TRANSIT dataset is the default dataset of the simulation software Traffic Anomaly Simulation Tool (TRANSIT). You can get the code of TRANSIT in the page:

bigzeze/TRANSIT: TRaffic ANomaly SImulation Tool

Instructions:

Introduction

TRANSIT dataset is the default dataset of the simulation software Traffic Anomaly Simulation Tool (TRANSIT). You can get the code of TRANSIT in the page:

bigzeze/TRANSIT: TRaffic ANomaly SImulation Tool

File Structure

Each folder under the root directory represents a type of simulated road network scenario. The second level directories denote anomaly injection types, and the second-level directories store datasets. The data files under each anomaly scenario are similar, including:

  • detectors.csv – Raw data file for fixed detector data
  • trajectory.csv – Raw data file for floating car data
  • detectors.npy – Preprocessed file for fixed detector data
  • nodes.npy – Names of fixed detectors, with the same order as detectors.npy
  • events.txt – Event sequence data

Meta Data

For CSV files, refer to the headers.

detectors.npy

It is an array with the shape of [number_of_nodes, number_of_metrics, length_of_time]. The raw detector data is aggregated at the road segment level (nodes).

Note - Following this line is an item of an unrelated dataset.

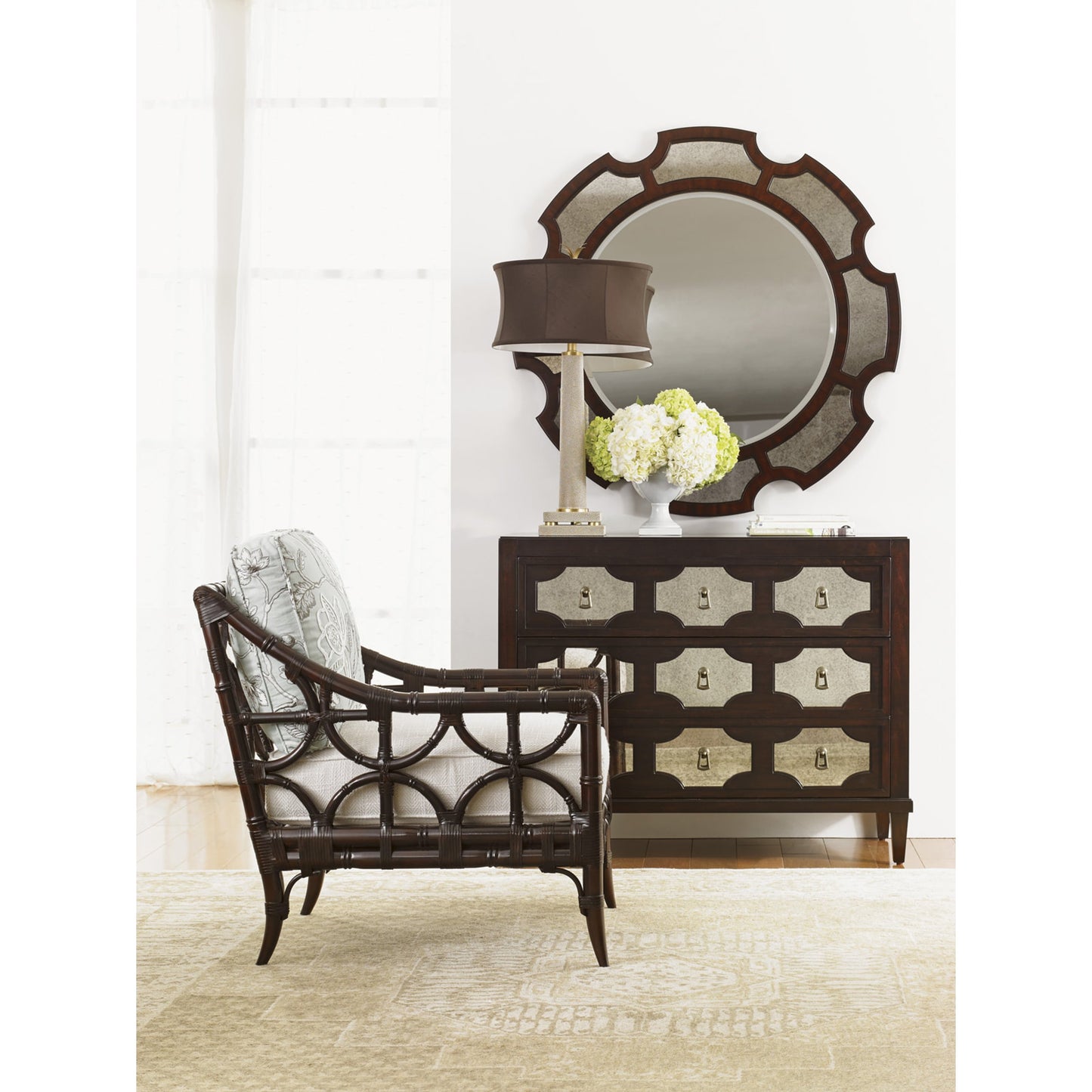 003 SR-835299 | Lifestyle | Del Mar Round Mirror by Lexington. Made from unique in a eclectic & global style.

The length of the first dimension in the dataset corresponds to the number of monitored road segments in the network.  The second dimension represents the metrics, sequentially storing flow rate (veh/min), occupancy (%), and speed (m/s) for each road segment. The third dimension represents the time, where the interval between two consecutive data points depends on the detection interval length defined in the simulation.

nodes.npy

It is an one-dimension array, storing names of the nodes. It maintains the same order as the detectors.npy.

events.txt

It saves records for simulation logs and congestion events. For each record, it first records the simulation timestep, followed by a textual description.

Application Prospects

This dataset is currently being used in an ongoing research project—deep learning-based causal discovery for traffic anomalies. It also holds significant potential for applications in training models for anomaly detection, traffic prediction, multimodal time series alignment in transportation, and related tasks.